WASHINGTON -- After a three-year wait, the Securities and Exchange Commission on Wednesday proposed a new rule that would require corporations to disclose the ratio of CEO pay to the compensation of an average worker.
The new rule was required under the 2010 Dodd-Frank financial reform law, but fiercely resisted by corporate lobbyists and the two Republican SEC commissioners. The law obligates companies to disclose the ratio of CEO compensation to the pay of a median worker.
Companies had complained that it would be too difficult or expensive to calculate median worker pay, although firms routinely publish labor costs in SEC filings. They had also sought to exclude foreign workers and part-time workers from the calculation, which would have reduced the gap between CEO pay and ordinary worker pay by removing lower-paid workers from the equation.

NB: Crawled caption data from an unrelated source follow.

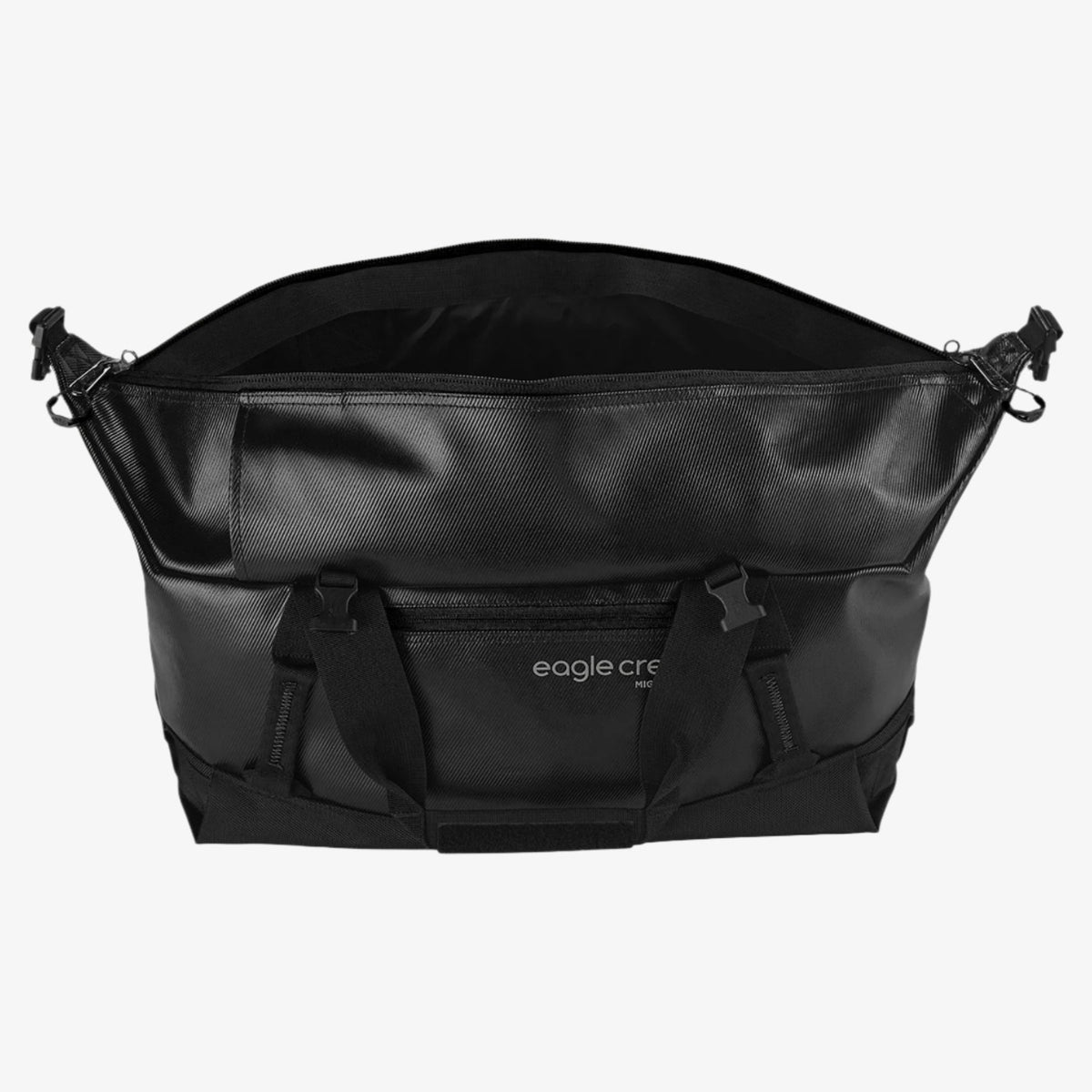 Eagle Creek Migrate Duffel Bag 40L in Midnight Black — detail view 2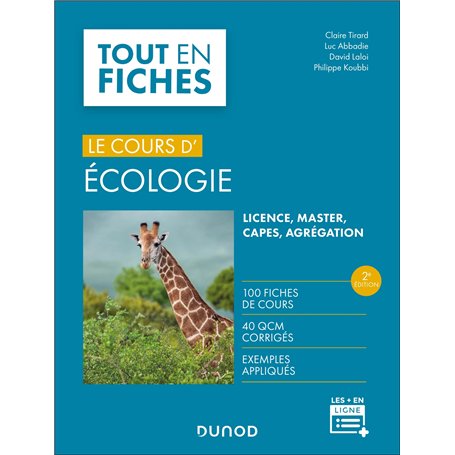Le cours d'écologie - 2e éd.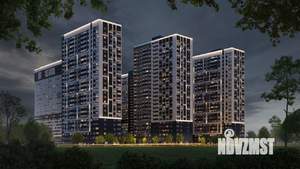 2-к квартира, строящийся дом, 58м2, 13/25 этаж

On Wednesday, the SEC proposed letting companies use a "statistical sampling" of workers to calculate the median worker pay, should tallying the pay of all employees prove too cumbersome. But the agency rejected appeals to limit the scope of the category to full-time domestic workers.
The Institute for Policy Studies, a liberal think tank, has been tracking the pay of CEOs at big companies for 20 years. Ratio of CEO pay to average worker pay rose from 195-to-1 in 1993 to 354-to-1 in 2012, according to IPS.
Sen. Robert Menendez (D-N.J.), who wrote the Dodd-Frank provision, applauded the SEC for getting the rule proposal out the door on Wednesday, but stopped short of endorsing the rule itself.
"I'm encouraged by the initial information out of the SEC today, but want to review the proposal to ensure that it strikes the right balance between flexibility and accountability," Menendez said in a written statement . "It's been over three years since Wall Street Reform required public companies to report on pay disparities between CEOs and their average workers, and since then the gulf between them has only grown."
The AFL-CIO, one of the most prominent backers of CEO pay transparency rules, was enthusiastic about the SEC's proposed language.
"We were very pleased with the SEC's proposal," AFL-CIO chief research analyst Vineeta Anand told HuffPost. "It was certainly worth the wait."
Anand said companies would have a hard time meaningfully gaming the statistical sampling to raise median worker pay artificially without drawing regulatory scrutiny, and emphasized the inclusion of foreign workers and part-time workers as important for maintaining a meaningful comparison between the executive suite and the rank-and-file.
The two Republican SEC commissioners, Daniel Gallagher and Michael Piwowar, voted against the proposed rule, which passed by a 3-2 margin. Piwowar was particularly critical of the law, which he said is designed to "shame" CEOs.
Conservative economists have traditionally embraced transparency as essential to free-market function, and have preferred disclosure to more overt government regulation of company activities.
Anand also urged the SEC to move quickly to approve a final rule. Regulators have missed dozens of statutory deadlines for implementing new banking rules under Dodd-Frank amid intensive Wall Street lobbying. While the CEO pay disclosure rule is one the simplest required by the 2010 law, it applies to all companies and does not have a specified deadline.